③家族を当てにしない

筆者に相談してきた方のなかには、「経理は妻に頼みます」など家族の労働力を当てにしている方が多くいました。

しかし、もし夫婦でフリーランスに転身してしまうと、不測の事態が起きたときには2人とも仕事を失ってしまうリスクがあります。可能であれば、どちらか1人は安定収入を得ているほうが安心です。

また、なかには家族の助けを当てにしながら「家族なんだから報酬を支払うつもりはない」という人もいましたが、家族はタダで使える便利な人ではありません。

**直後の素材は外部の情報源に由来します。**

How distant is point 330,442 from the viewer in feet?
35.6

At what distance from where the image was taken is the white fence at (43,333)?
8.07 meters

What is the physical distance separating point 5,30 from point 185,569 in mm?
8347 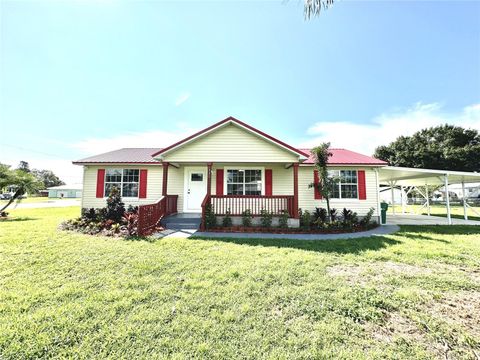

家族を無償で働かせ、何かあれば感情的に怒り、最終的に大モメして離婚というケースも少なからず見てきました。仕事を丸投げしていた家族がいなくなると、その先の仕事にも支障が出てくることでしょう。

どうしても家族に手伝ってもらうのであれば、きちんと報酬を支払う、仕事中は感情的にならずあくまで従業員として接するなど、お互いが納得できるルールをあらかじめ決めておくと良さそうです。

おわりに

フリーランスの自由さは魅力的ですが、収入が不安定で保障も少ないハイリスクな働き方だというのが現実です。理想だけ見るのではなく、転身後の生活をしっかりシミュレーションして、まずは副業として始めることを検討してはいかがでしょうか。